= YOUR INSTRUCTIONS =
Apart from the pictures, return every line of the listing exactly.

= PROVIDED MATERIAL =
----------------
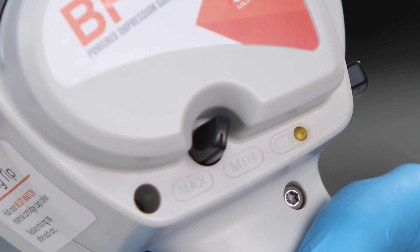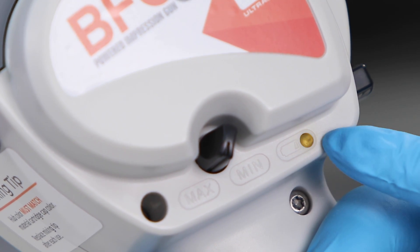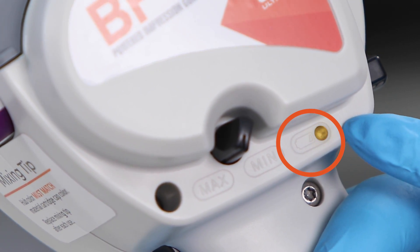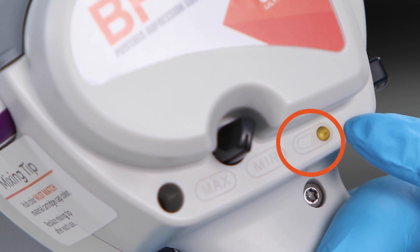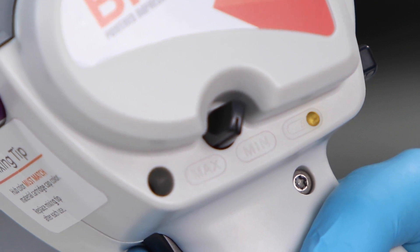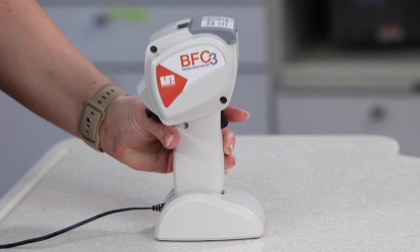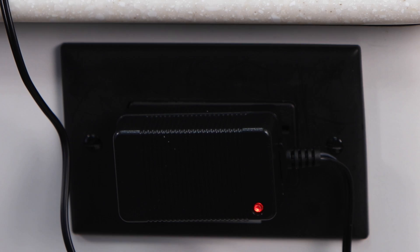When battery output is reduced, the low battery LED will indicate that it should be charged soon. The BFC3 Impression Gun will dispense up to 10 full cartridges after the low battery LED light comes on. The base is designed to hold the Impression Gun while the battery charger is connected. When the battery is fully charged, the LED indicator on the battery charger will change from red to green.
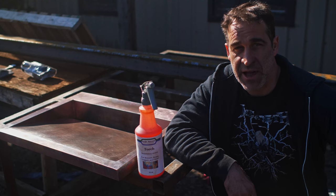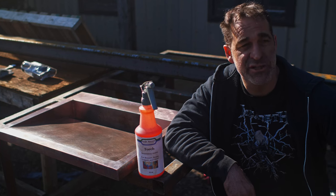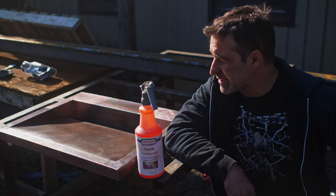Hi there, Thak from Thak Ironworks. We are outside today on a brisk morning — it is just above freezing, but it's nice and sunny out.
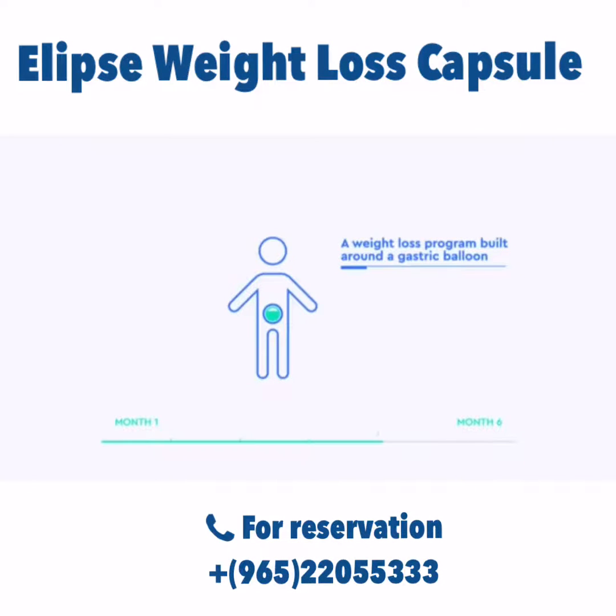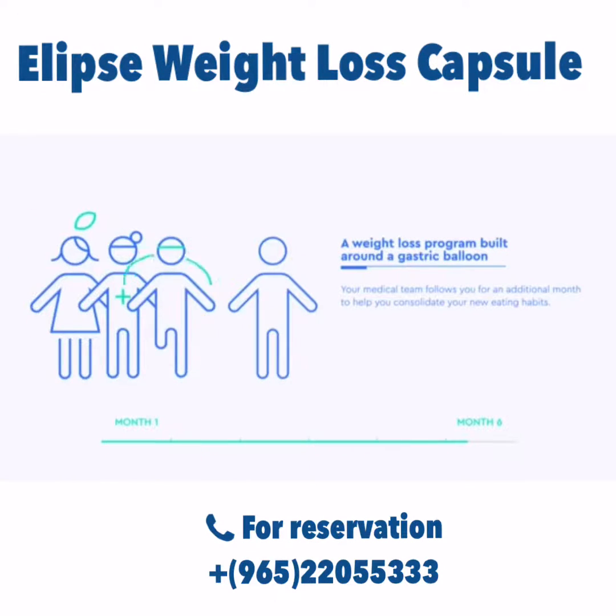After approximately four months, Ellipse opens, empties, and is excreted naturally. Your medical team follows you for an additional month to help you consolidate your new eating habits.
----------------
= RESULT =
When battery output is reduced, the low battery LED will indicate that it should be charged soon. The BFC3 Impression Gun will dispense up to 10 full cartridges after the low battery LED light comes on. The base is designed to hold the Impression Gun while the battery charger is connected. When the battery is fully charged, the LED indicator on the battery charger will change from red to green.
Hi there, Thak from Thak Ironworks. We are outside today on a brisk morning — it is just above freezing, but it's nice and sunny out.
After approximately four months, Ellipse opens, empties, and is excreted naturally. Your medical team follows you for an additional month to help you consolidate your new eating habits.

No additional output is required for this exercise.